Friday, February 7, 2020

Aug 20/21 2015 Stand Like Steel

Long, long day. It didn't start out well. First thing I saw as I rolled out of bed was dog barf in the bed. On my favorite quilt. Ugh. Gross. After I cleaned that up I went downstairs to make coffee. No creamer. And we are under a boil water notice, so no water for the coffee either. And a sink full of dirty dishes. And I just noticed that Katie's dog has torn up the carpet runner in the living room sometime last night. This really cheeses me. This would be the third rug he has chewed up. I can't afford to replace all these rugs. Not a good way to start the day.
It was cool outside for the first time in two months, so I decided the first thing I was going to do was take the dogs out and let them play in the yard for a while. Then work on making the coffee.
Alyssa comes down and tells me she is thirsty. I need to get that water boiling. She needs a drink and I need that coffee.
Eventually I make it outside for a quiet time with the Lord. Usually it doesn't take long for Him to calm my soul during these times, but today it takes longer and doesn't last long. The tears are just below the surface most of the day. It's Thursday, I tell him. He already knows. Tomorrow is Friday. He knows that, too. School starts on Monday. He is also aware of that.
I feel like a failure as a parent. I had planned to do so much for my daughter this summer. I had planned to take her places. We were going to see things. Maybe spend a few days at the beach in South Texas. We talked about renting an RV just the day before the Mr. lost his job. I had hoped perhaps, that employment would be resumed sooner rather than later, as I still wanted to take her some places, if I could. Just to get her out of the house. Had no idea we would be confined to the house for lack of money for the third year in a row.
So when it became apparent that we would not be going anywhere this summer, I consoled myself with the thought that maybe he would be working by the time school started. Surely it wouldn't take that long, this time, I thought, for a job to materialize. I told myself I would buy her lots of school clothes to start her Sr. year off right. We would get a haircut, and buy some new clothes. Get her some fancy school supplies.
Today is Thursday. Cloudy outside and in my heart, too. I wrapped myself up in a blanket on my bed and cried myself to sleep.
When I woke up I went back outside for another quiet time. Then cleaned up the dishes and the laundry. Sandwiched in between all that were pleas to the Lord for intervention and tears of disappointment in the way things seem to be working out.
I had been hoping and praying for that phone to ring all day long. Please just let somebody call with a job.
So I went to bed about nine. As I lay down with my earbuds on I saw an old comedy skit on Youtube that I used to listen to as a kid. I clicked the link. Smiled at the old memories. Laughed at innuendos I missed as a child. I fell asleep with it on autoplay. As I lightly dozed, the comedy skit moved on to music. It was Randy Stonehill, one of my all time favorite singers. This wasn't my playlist, so it was an unexpected gift.
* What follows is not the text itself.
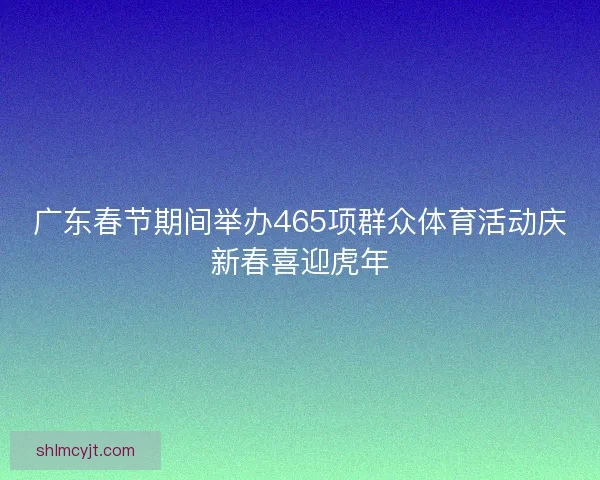 广东春节期间举办465项群众体育活动庆新春喜迎虎年 广东春节期间举办465项群众体育活动庆新春喜迎虎年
I smiled as I dozed off and on, all the songs like old friends. I was comforted in a way I hadn't been earlier in the day. One particular song came on and as I listened, awake now at two Am, but still resting, the words struck a chord in the deep waters of my soul.
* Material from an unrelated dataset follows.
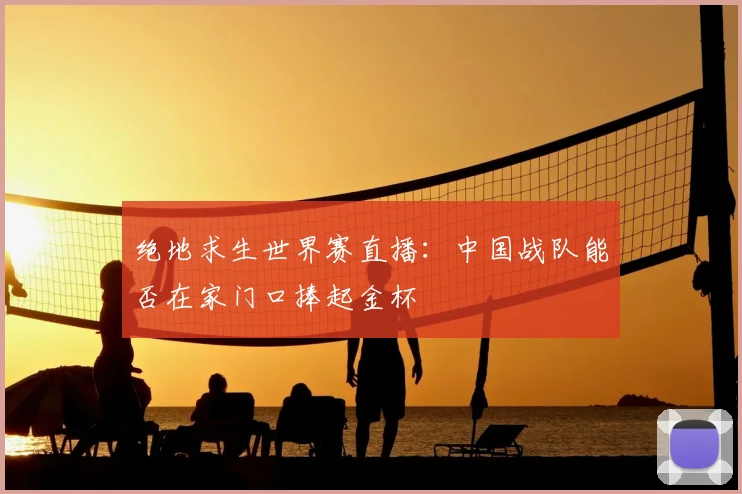 绝地求生世界赛直播：中国战队能否在家门口捧起金杯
You've go to stand...stand like steel...and carry your cross through the fire, that's part of the deal...you got to stand...stand like steel. Nobody ever promised a garden of roses...nobody gets to Heaven without a fight...that's right...stand like steel. 
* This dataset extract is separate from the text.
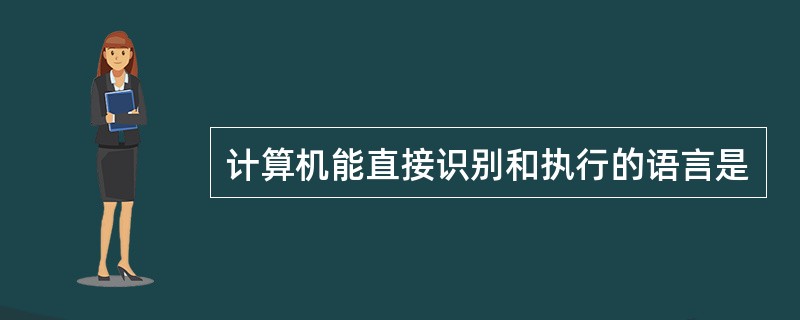 计算机能直接识别和执行的语言是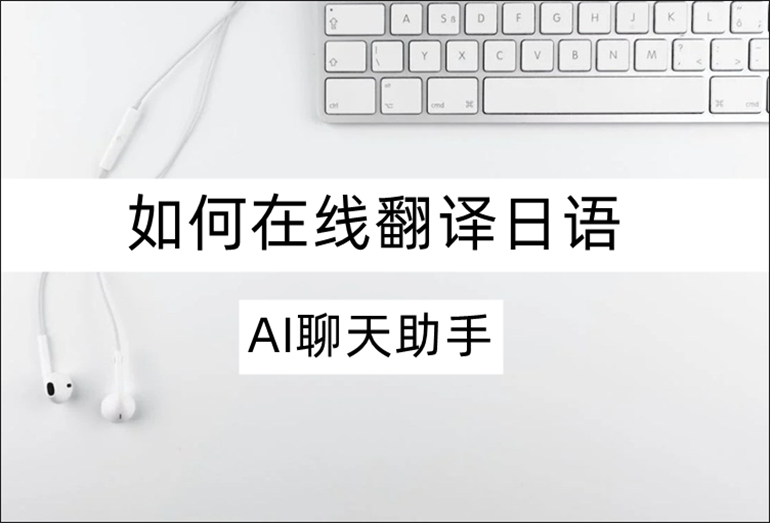 AI聊天助手如何在线翻译日语？日语翻译软件推荐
Now we all must fight our private battles...stand against this darkness that enslaves us from our birth..it takes more than guts to be strong enough...it's an act of faith in the power of love...and we dare not talk of freedom 'til we're free from our own curse!
Fully awake now, I felt my fire returning. Yeah! That's right! Nobody gets to Heaven without a fight. 
I'm gonna stand. Like Steel.
Even if today is Friday. Even if I don't get to do all the things for my girl that I want to. And who knows? That phone could ring this morning. If it doesn't I'm still gonna stand.